La relation entre Vérité et Kettricken est intéressante. Leur histoire débute par un mariage arrangé qui doit montrer au peuple que les Loinvoyant gardent l'espoir d'un futur meilleur. Pour cela, il faut faire des enfants. Si Kettricken a conscience de ce qu'on attend d'elle, cela semble être moins le cas de Vérité. Ne désire-t-il pas sa femme ? Ou est-il trop pris par ses obligations liées à la défense du royaume ? Cette interrogation hante Kettricken : « voyons, si je suis la seule à pouvoir lui donner un héritier, lui seul peut l'engendrer ; dans ce cas, pourquoi dois-je rester confinée ici tandis qu'il se jette à corps perdu dans la protection de notre peuple ? » Au-delà de la question de l'héritier, Kettricken est celle qui offre à Vérité la possibilité d'en faire plus : elle le lance dans la quête des Anciens. C'est une opportunité pour Vérité d'échapper au château, d'échapper à cet Art qui le détruit petit à petit. Il peut enfin agir physiquement, il peut enfin montrer à ses gens, son peuple, qu'il fait quelque chose. A de nombreuses reprises, Kettricken ou Fitz ont montré que les personnes royales étaient là pour le peuple, qu'elles devaient tout donner pour lui. Vérité les écoutait sans jamais appliquer : là, il a la chance de le faire. Il dit, passionnément, à Kettricken que « dans tant d'autres domaines, j'ai manqué à mon devoir envers les Six-Duchés, et envers vous. Quand vous êtes venue vous faire proclamer reine, je n'ai manifesté nulle patience pour vos propos sur le rôle de l'Oblat ; je n'y voyais que les élucubrations idéalistes d'une enfant (…) J'ai appris de mes parents à faire passer les Six-Duchés avant moi. Je m'y suis efforcé mais je vois à présent que j'ai toujours envoyé d'autres s'exposer à ma place ».

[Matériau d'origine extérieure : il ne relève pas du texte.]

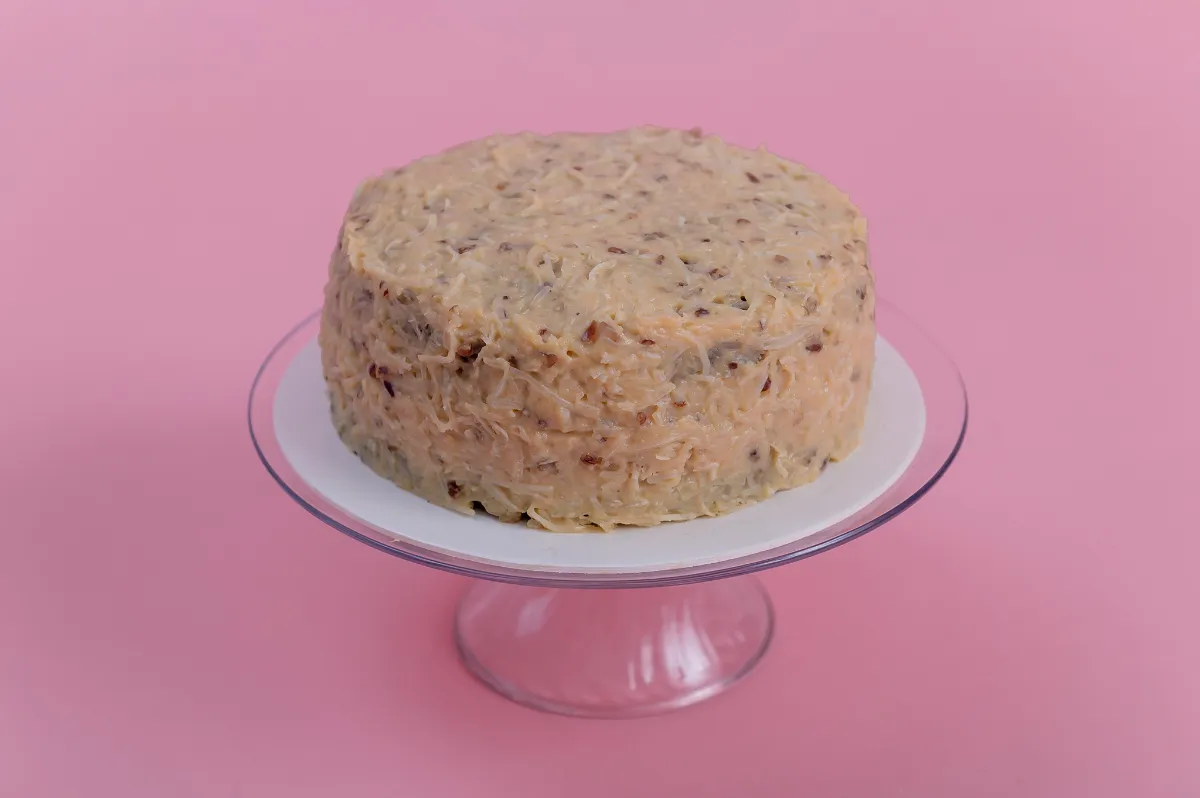 Pastel Alemán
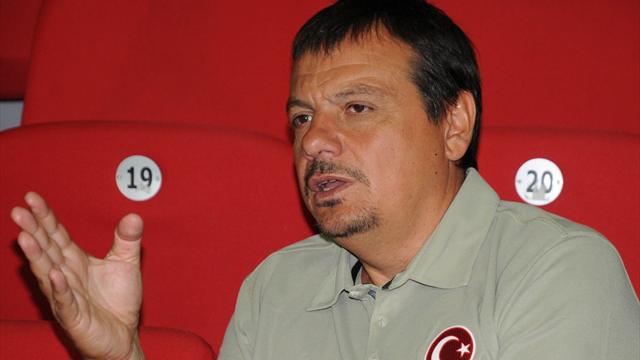 Ergin Ataman: NBA Avrupa'ya saygı duymuyor!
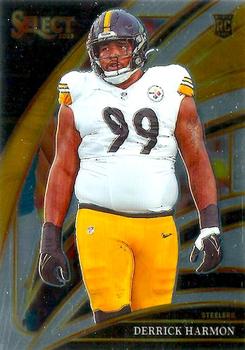 Derrick Harmon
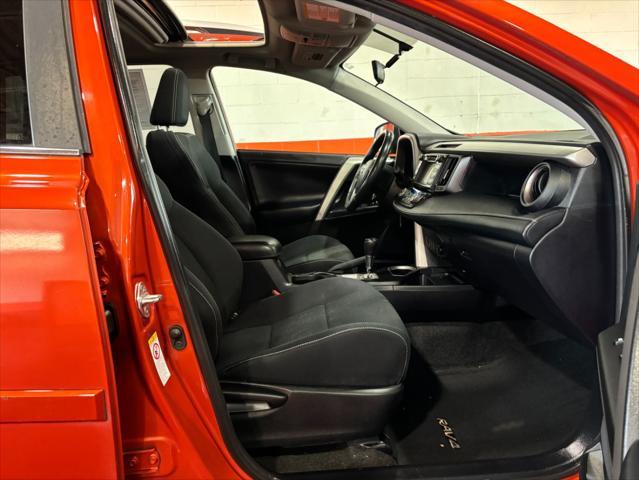 used 2016 Toyota RAV4 car, priced at $17,544
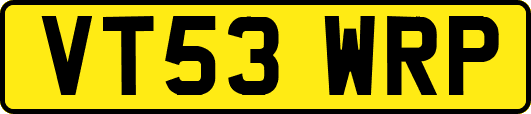 VT53WRP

Le sacrifice, c'est ce qui attend Vérité loin dans les Montagnes. Lancé dans sa quête presque perdue d'avance des Anciens, il se retrouve acculé. Ses soutiens sont tués ou dispersés, il ne peut compter que sur lui. Loin de tout et de tous, il garde pourtant en tête son objectif : sauver les Six-Duchés de la catastrophe. Lorsque le petit groupe constitué de Fitz, de Kettricken, d'Astérie, de Caudron, d'Oeil-de-Nuit et du Fou parvient à le rejoindre, ils sont perplexes, ils ne comprennent pas ce qu'il fait. Ils le trouvent en train de sculpter un dragon de pierre et bon nombre (Fitz, Kettricken) croient qu'il a perdu la raison. Vérité leur montre que ce n'est pas le cas. S'il fait tout ça, c'est parce qu'il a un but en tête : « tout à faire... et je crains de terminer trop tard. Si ce n'est pas déjà le cas (…) Mais... trop tard pour sauver le peuple des Six-Duchés. Sinon, que ferais-je ici ? Pourquoi aurais-je abandonné mon pays et ma reine pour venir ici ? » Vérité forge donc son propre dragon de pierre et d'Art en sachant que cela signifiera sa mort. Il est prêt à donner sa vie, son énergie, ses passions, ses émotions pour son peuple. Quand son dragon sera terminé et prêt à aller se battre, Vérité sera mort (« c'est la nature des dragons. Il faut les nourrir, et c'est la vie qui les alimente ; elle doit être donnée volontairement pour en créer un »). Pour les autres présents, c'est terrible. Vérité n'est plus réellement un homme : il est froid, il est distant, il a du mal à formuler ses idées. Il ne pense qu'à son dragon, délaisse les autres et les blesse parfois. La situation est particulièrement pénible à vivre pour Kettricken. D'une certaine manière, c'est sans doute préférable qu'elle ne soit pas douée de l'Art et qu'elle se rende compte de la chute de vérité. Fitz, lui, le sent : « roi ou homme, oncle ou ami, je ne savais plus qui il était ; quand je l'artisais, je me heurtais à ses murailles ; quand je tendais mon Vif vers lui, je constatais que sa vie oscillait entre la créature de pierre et lui. »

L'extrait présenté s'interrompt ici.